Haider v Minister for Immigration, Citizenship and Multicultural Affairs
[2022] FedCFamC2G 642
FEDERAL CIRCUIT AND FAMILY COURT OF AUSTRALIA
(DIVISION 2)
Haider v Minister for Immigration, Citizenship and Multicultural Affairs [2022] FedCFamC2G 642
File number(s): SYG 1138 of 2021 Judgment of: JUDGE HUMPHREYS Date of judgment: 11 August 2022 Catchwords: MIGRATION – Administrative Appeals Tribunal – Regional Employer visa – whether there was jurisdictional error. Legislation: Migration Act 1958 (Cth) s 363
Migration Regulations 1994 (Cth)
Cases cited: Huo v Minister for Immigration and Multicultural Affairs [2002] FCA 617
Manna v Minister for Immigration and Citizenship [2012] FMCA 28
Minister for Immigration and Citizenship v Li [2013] HCA 18
Minister for Immigration and Border Protection v Singh [2014] FCAFC 1
Kaur v Minister for Immigration and Border Protection [2014] FCA 915
Djokovic v Minister for Immigration, Citizenship, Migrant Services and Multicultural Affairs [2022] FCAFC
Minister for Immigration and Ethnic Affairs v Wu Shan Laing (1996) 185 CLR 259
Varsi v Minister for Home Affairs [2019] FCA 504
Division: Division 2 General Federal Law Number of paragraphs: 21 Date of last submission/s: 8 August 2022 Date of hearing: 8 August 2022 Place: Parramatta Solicitor for the Applicant: The applicant appearing on his own behalf Solicitor for the First Respondent: Ms Bennett of Minter Ellison ORDERS
SYG 1138 of 2021 FEDERAL CIRCUIT AND FAMILY COURT OF AUSTRALIA (DIVISION 2)
BETWEEN: TANVIR HAIDER
Applicant
AND: MINISTER FOR IMMIGRATION, CITIZENSHIP AND MULTICULTURAL AFFAIRS
First Respondent
ADMINISTRATIVE APPEALS TRIBUNAL
Second Respondent
ORDER MADE BY:
JUDGE HUMPHREYS
DATE OF ORDER:
11 AUGUST 2022
THE COURT ORDERS THAT:
1.The name of the First Respondent be changed to “Minister for Immigration, Citizenship and Multicultural Affairs”.

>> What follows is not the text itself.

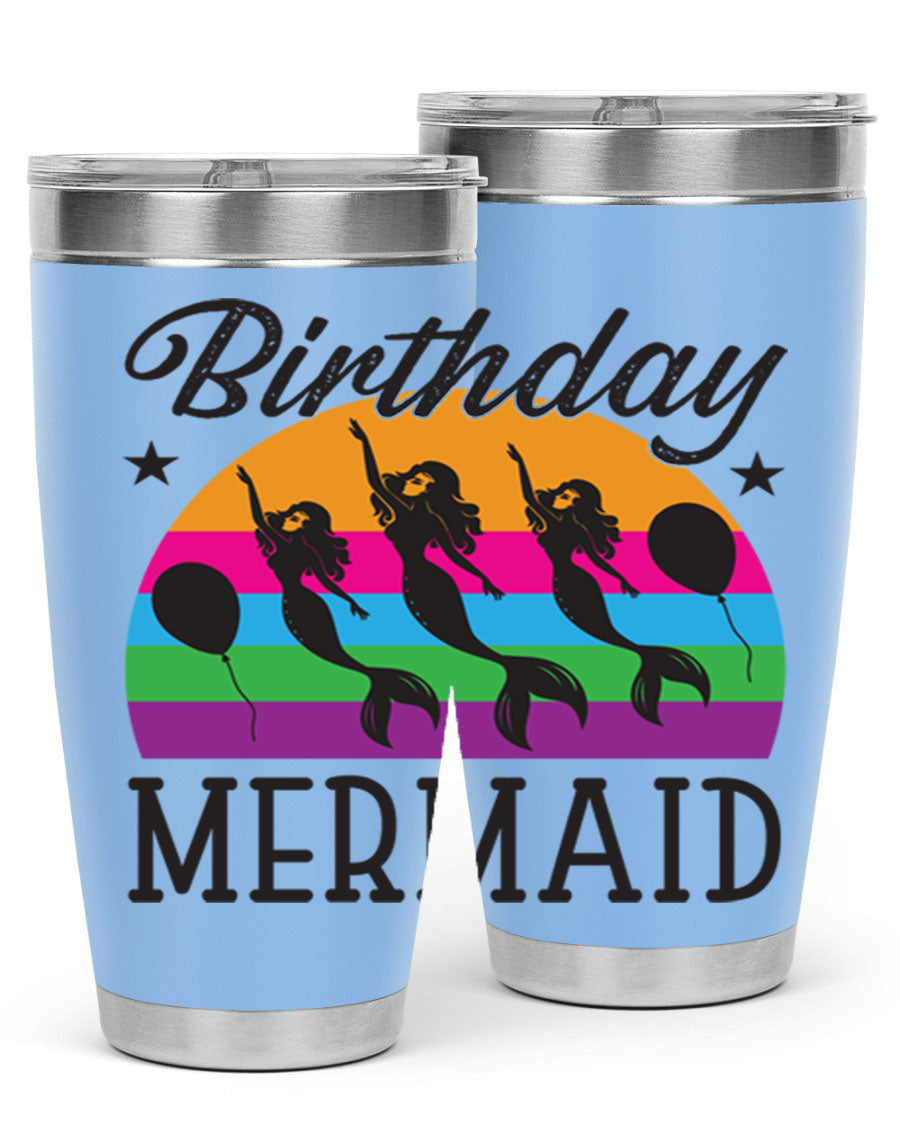 Birthday Mermaid 78# Tumbler featuring vibrant mermaid design, double wall vacuum stainless steel, and press-in drink-thru lid.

2.The application be dismissed.
3.The Applicant to pay the First Respondent’s costs fixed in the sum of $5900.00.
Note: The form of the order is subject to the entry in the Court’s records.
Note: The Court may vary or set aside a judgment or order to remedy minor typographical or grammatical errors (r 17.05(2)(g) Federal Circuit and Family Court of Australia (Division 2) (General Federal Law) Rules 2021 (Cth)), or to record a variation to the order pursuant to r 17.05 Federal Circuit and Family Court of Australia (Division 2) (General Federal Law) Rules 2021 (Cth).
REASONS FOR JUDGMENT
JUDGE HUMPHREYS
INTRODUCTION
The applicant is a citizen of Pakistan. The applicant applied for a Regional Employer Nominated (Class RN) (subclass 187) visa (“Regional Employer visa”) on 15 July 2016. On 26 April 2019, a delegate of the Minister for Immigration (“the delegate”) refused to grant the applicant his Regional Employer visa.
On 16 May 2019, the applicant filed and application seeking merits review of the delegate’s decision at the Administrative Appeals Tribunal (“the Tribunal”). On 27 May 2021, the Tribunal affirmed the delegate’s decision not to grant the applicant his Regional Employer visa.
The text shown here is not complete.